Para explicar esta viagem tenho de regressar a agosto do ano passado, quando conheci uma pessoa que me escancarou as portas que eu já tinha semi abertas, mas que não sabia como as explorar.
Uma das coisas que mais me fascina em relação à vida é o facto de sentir que cada pequeno passo que damos está intimamente ligado com os tropeções e saltaricos que vamos dar a seguir. Somos pequenos grãos de areia que pouco sabemos sobre o significado de tudo isto que nos rodeia e nos ultrapassa, mas se estivermos atentos aos detalhes, não é difícil perceber onde descansa a magia das coisas.

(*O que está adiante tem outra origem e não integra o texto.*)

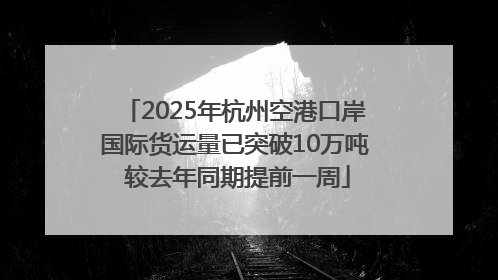 2025年杭州空港口岸国际货运量已突破10万吨 较去年同期提前一周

No verão passado estava prestes a mergulhar num buraco negro, no jornal em que trabalhava era altura de férias, a equipa era ainda mais pequena, os incêndios tinham-nos marcado para o resto da vida e não parava de receber chamadas com dados e informações sobre todos os possíveis erros que haviam sido cometidos por diversas frentes.
Crescemos rodeados de medos, levamos todos os dias com um banho de desastres, sangue, intrigas. Os media tornaram-se uma constante lembrança do pior que há no mundo e é-nos demasiado fácil tomar o “dark side” como garantido.
Mas não é o lado negro das coisas que me desperta. Cresci rodeada de histórias e experiências que me mostraram que a vida tem essa face estranha, que é possível sentirmos o mundo com uma agonia desmesurada e fecharmo-nos na nossa concha até que alguém nos diga ao ouvido: já passou, podes voltar.
Essa é provavelmente a fase mais difícil de quem entra na idade adulta, a altura em que nos tiram o lençol branco que nos cobria do pó até então e nos dizem “bem-vindos ao mundo”. A partir daí temos duas hipóteses: ou escolhemos cobrir-nos de pó e deixar que o bicho nos deixe os ossos carcomidos, ou decidimos aceitar que haverá sempre pó que nos cubra mas que o podemos sacudir sem alergias, sem obstipações, como um ritual de limpeza que terá de ser feito para o resto das nossas vidas.
Esta é uma decisão que nos exige coragem, entender que o caminho não vai ser sempre a subir, que vamos cair um milhão de vezes e esfolar o raio dos joelhos muitas mais vezes do que era suposto, mas que podemos sempre começar de novo e vai sempre poder ser melhor do que foi.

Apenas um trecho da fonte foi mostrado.